The sequel to Blue Blood is called "Never to Return". The movie has four parts namely, "Blue Blood Part 1 and 2" then "Never to Return Part 1 and 2".
Okey Zubelu Okoh
Hyacinth Onukwu, Uche Nancy
2010
-Story: [0 out of 5] I was honestly beginning to wonder about the utter ridiculousness of this storyline. I was. Until I realized it was an Uche Nancy movie. At that point, the fact that the movie made absolutely no sense, began to make sense to me. Afterall, it’s an Uche Nancy movie. The storyline (if I can call it that) was too all over the place for my liking. First of all it’s Ini Edo and her outlandish behavior, then Ini Edo in love with Yemi Blaq, then Yemi Blaq narrating the story of his past, then Nse Ikpe-Etim her past and her present, then Nse Ikpe-Etim living with an old man. Honestly! Was all that necessary? Pick a story… any story… and tell only that story. Do like Tchidi Chikere and make a two part movie if you know that what you have to say is not that long. Needless to say that this movie would have fared way better without the useless sequel.
-Originality: [0 out of 5] The runs girl aspect has been done before and so has the over-milked royalty storyline. Everything from campus romance to village love seems a bit repetitive but this movie is still original in its confusion
-Predictability: [0 out of 5] Indeed had one of the most predictable/stereotyped endings for a movie of this nature.

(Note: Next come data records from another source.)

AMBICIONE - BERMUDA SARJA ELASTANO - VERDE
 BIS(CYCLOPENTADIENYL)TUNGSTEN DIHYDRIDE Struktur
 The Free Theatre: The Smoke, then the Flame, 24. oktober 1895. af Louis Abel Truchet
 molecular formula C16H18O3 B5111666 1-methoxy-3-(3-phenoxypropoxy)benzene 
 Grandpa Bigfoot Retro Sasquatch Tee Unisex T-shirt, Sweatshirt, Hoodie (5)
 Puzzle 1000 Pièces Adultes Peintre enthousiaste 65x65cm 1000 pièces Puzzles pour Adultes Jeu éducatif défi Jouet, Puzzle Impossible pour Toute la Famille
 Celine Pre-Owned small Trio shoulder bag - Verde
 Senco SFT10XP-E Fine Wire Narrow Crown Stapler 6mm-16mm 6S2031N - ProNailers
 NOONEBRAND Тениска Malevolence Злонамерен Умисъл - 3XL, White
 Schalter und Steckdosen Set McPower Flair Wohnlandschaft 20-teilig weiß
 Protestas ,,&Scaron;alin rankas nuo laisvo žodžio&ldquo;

-Directing/Production: [0 out of 5] First of all, the movie is in four parts (aka too long). Secondly, the last two parts did not even need to be made (arguably none of this movie needed to have been made). Many overly prolonged scenes, especially the party scenes… uhm… thanks but no thanks. Needless to mention the miscasting (na me you wan come convince say Yemi Blaq and Nse are uni students? Abegi… what’s next? Casting Mama G as Mike Ezuruonye’s younger sister in your next movie)
-Acting quality: [3 out of 5] The cast of this movie tells me one thing: i.e the fact that they all agreed to do this crappy movie must mean that the script was amazing and something went wrong during production. Everyone from Nse to Ini to Yemi as we all know are incredible actors (even Tonto Dikeh). Extras were annoying and from time to time some of the main actors were equally annoying (no need to name names, just insert any of the other names I haven’t already mentioned here)
-Setting: [2 out of 5] Ok
-Costume/Make-Up: [3 out of 5] Hmm hmm… all the royal attire… arguably unnecessary. Still pretty regardless.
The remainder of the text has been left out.